After dropping off Cubby and Daddy, Pudding and I return to the hospital and obtain the magic elixir. I dutifully wait until the instructed time to give it to her, and watch her promptly spit it back out. Thank goodness we had a spare second dose, and I try the never-fail approach of bribery to get her to swallow. It fails. I have mere drops left, and I decide to take it with us. She must have swallowed some at least, because she looks drowsy in the car.
We arrive, only to be given forms to complete. I can’t believe there is more paperwork, didn’t I call twice to explain my daughter has autism? Giving me forms means I can’t take care of my kid in the waiting room. Do you think I only call because I like sharing intimate details about my family? People, I have a blog for that!
After twenty minutes of purgatory- which is getting evil looks from the rest of the waiting room as Pudding shouts about how quiet she is being- the technician asks me where my referral letter was? My what? This is the first I’ve heard of such a thing, and it can’t be necessary because I was at the doctor twice yesterday and nobody mentioned it. They call the receptionist, who I would call by something else were this not such a family-friendly blog, who tells them she’d given it to me in the envelope. Umm, no.
I think at this point, the staff tire of what we tired of twenty minutes previously (being in the waiting room) and they take us in. Pudding, though groggy, is bouncing off the walls, and they decide she needs more medicine. I explain about the whole spitting out thing, and they decide the strong-arm approach would be most beneficial to a young, scared, autistic child. By the time they’ve pinned her down, held her nose, and squirted in the medicine, I’m crying as much as Pudding, as she begs me to help her. She is a mess, unsurprisingly. I am too.
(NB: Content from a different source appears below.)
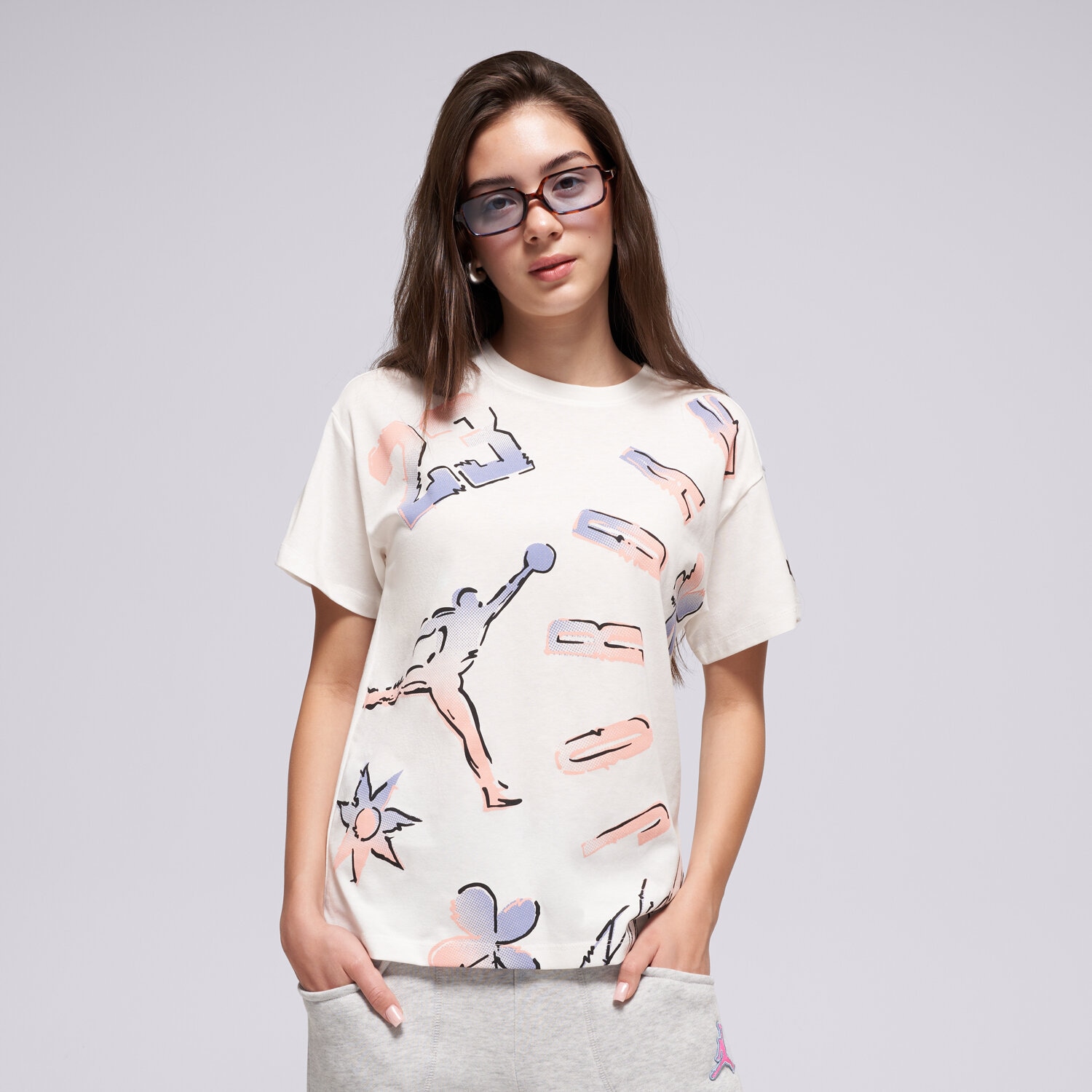 Kinder T-Shirt JORDAN T-SHIRT JDG 23 THROWBACK SS TEE GIRL 45F263-782 creme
They wait for the medicine to kick in. It doesn’t. We call the mean receptionist again to get another prescription, but we never hear anything back. I keep my terrified cabin-feverish girl in that tiny room of sensory hell as they alternately try to stick wires to her head, then let her sleep. Suffice to say, neither happens. I want to leave just as much as my girl, but I know we’ll never get her back for a second try.
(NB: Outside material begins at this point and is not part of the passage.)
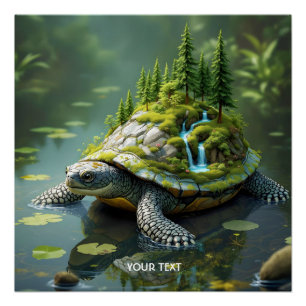 Fantasy Cute Serene Turtle Forest Poster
After three and a half hours they send in another technician, aptly named Angel. She gets the wires and bandages on, and between us we get through an EEG. Why, oh why, did they not send her in the first place? Now it doesn’t matter. We’re done, and we don’t have to go through it again. In one week we’ll know if seizure activity is the cause of Pudding’s sleep problems. I’m hopeful that epilepsy is just something we can rule out. I’m hopeful.
You might be an autism parent if you have a day like this, and still remain hopeful.